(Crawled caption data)
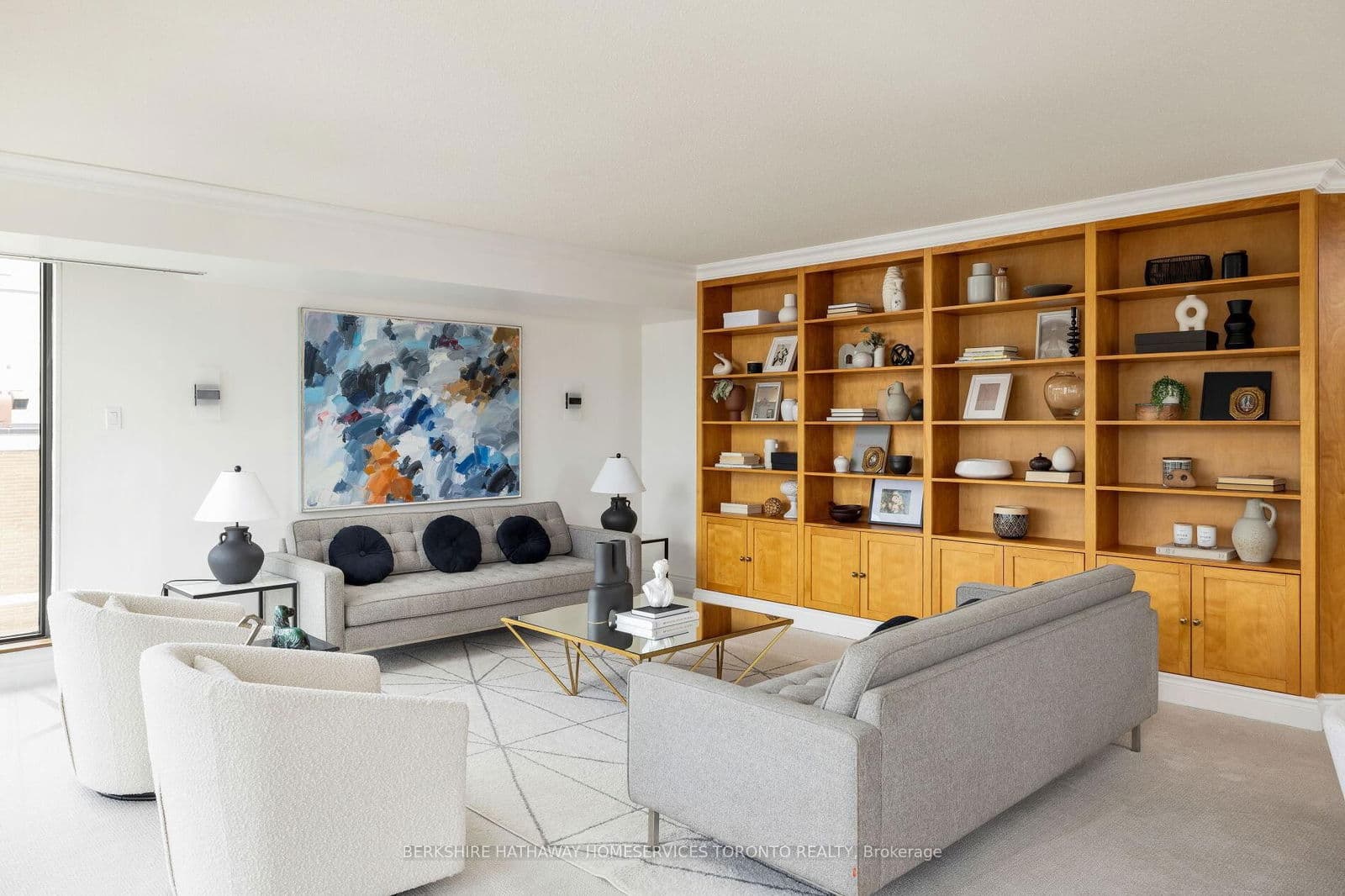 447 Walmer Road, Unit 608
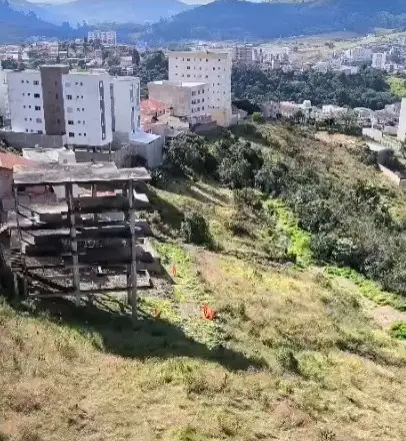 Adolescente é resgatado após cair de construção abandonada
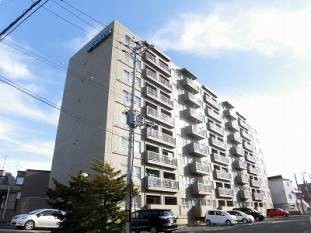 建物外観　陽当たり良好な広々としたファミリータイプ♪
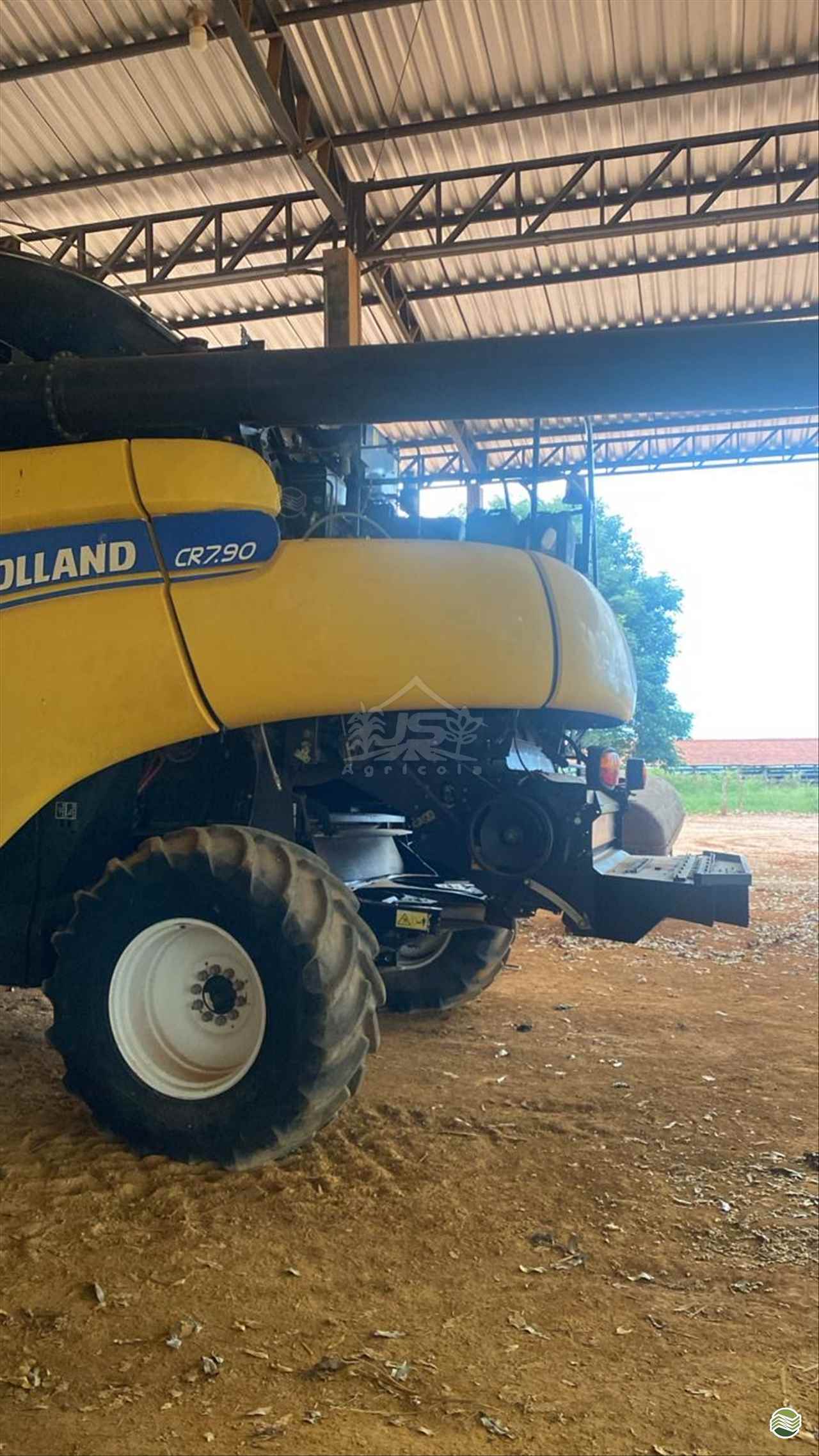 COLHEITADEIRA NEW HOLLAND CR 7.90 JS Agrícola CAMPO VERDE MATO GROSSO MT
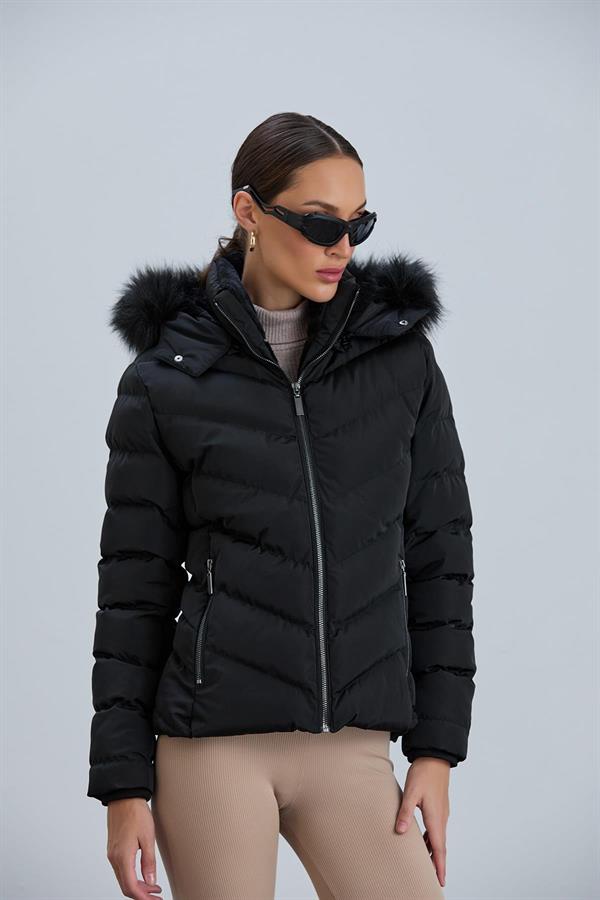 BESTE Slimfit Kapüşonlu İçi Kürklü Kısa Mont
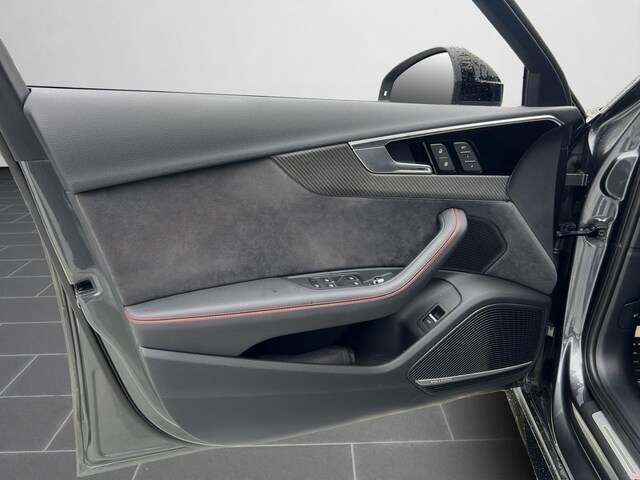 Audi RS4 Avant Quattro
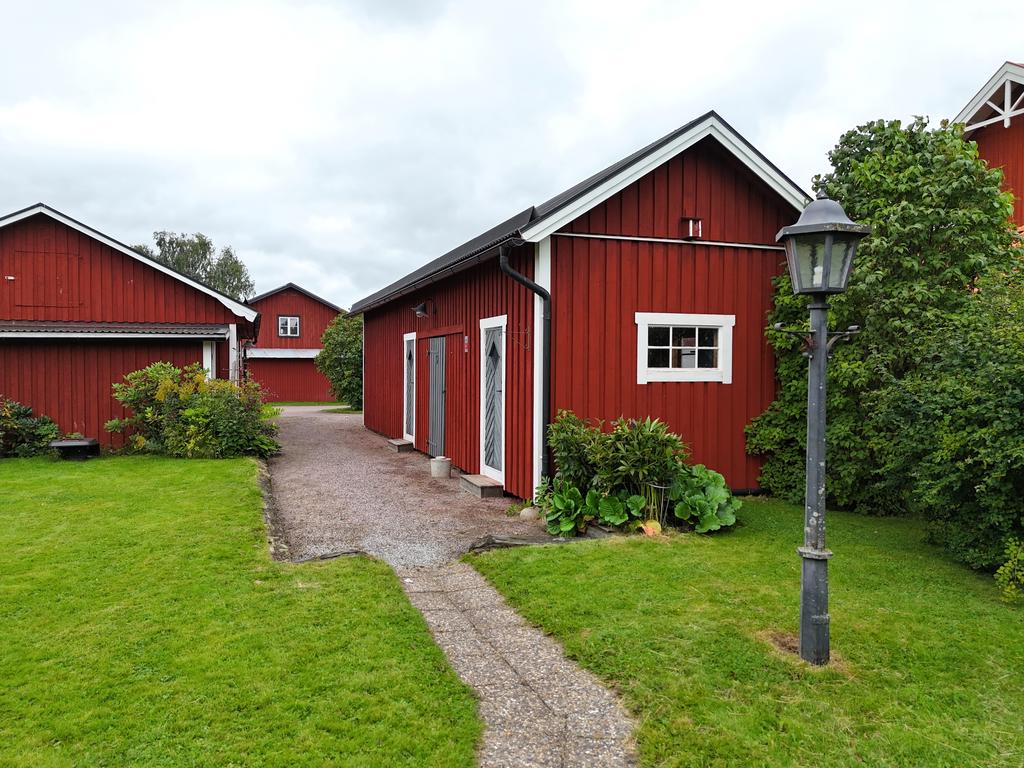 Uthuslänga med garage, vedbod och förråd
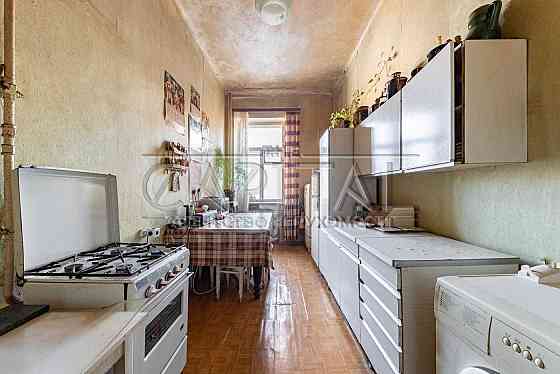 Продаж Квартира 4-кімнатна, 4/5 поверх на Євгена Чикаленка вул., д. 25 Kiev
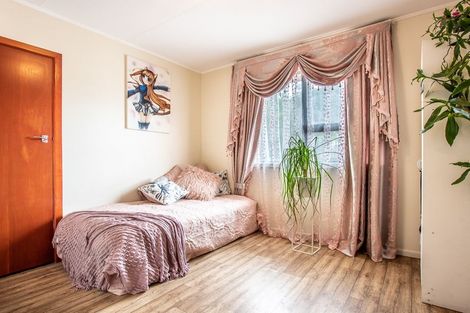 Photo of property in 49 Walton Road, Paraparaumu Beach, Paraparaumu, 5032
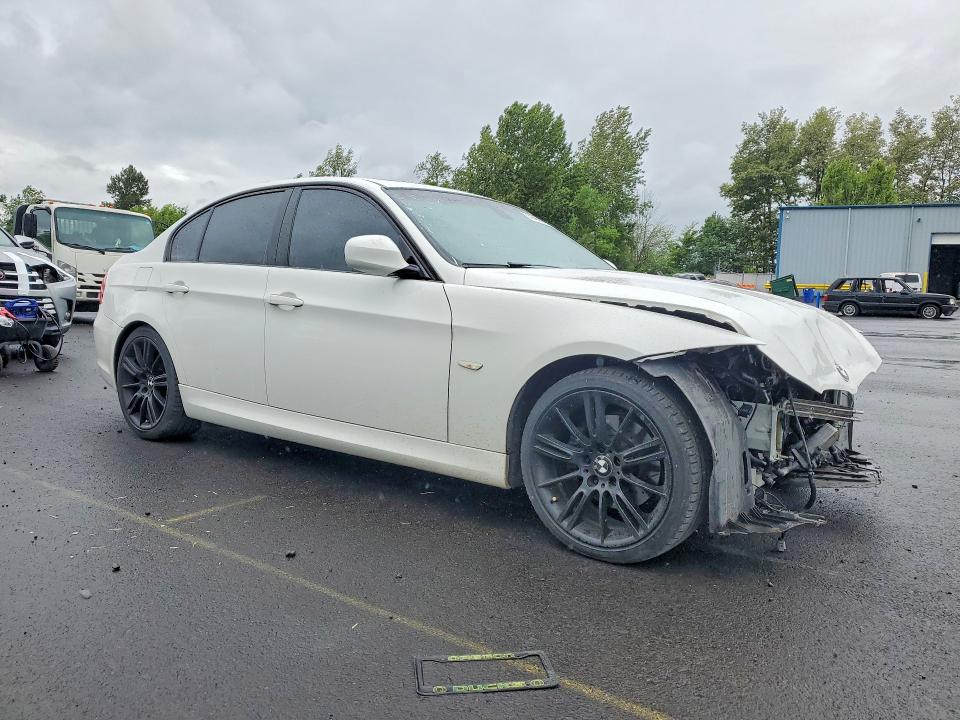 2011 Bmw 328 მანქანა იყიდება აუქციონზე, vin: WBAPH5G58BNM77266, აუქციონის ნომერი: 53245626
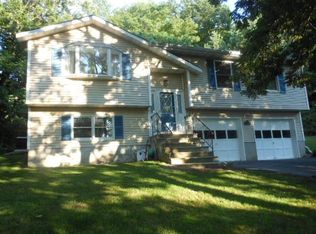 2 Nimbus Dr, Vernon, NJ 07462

- Aim of the task:
Quote word for word only the lines above from the one containing "建物外観　陽当たり良好な広々としたファミリータイプ♪" through the one containing "Photo of property". Pictures stay out of your copy.

- Completed task:
 建物外観　陽当たり良好な広々としたファミリータイプ♪
 COLHEITADEIRA NEW HOLLAND CR 7.90 JS Agrícola CAMPO VERDE MATO GROSSO MT
 BESTE Slimfit Kapüşonlu İçi Kürklü Kısa Mont
 Audi RS4 Avant Quattro
 Uthuslänga med garage, vedbod och förråd
 Продаж Квартира 4-кімнатна, 4/5 поверх на Євгена Чикаленка вул., д. 25 Kiev
 Photo of property in 49 Walton Road, Paraparaumu Beach, Paraparaumu, 5032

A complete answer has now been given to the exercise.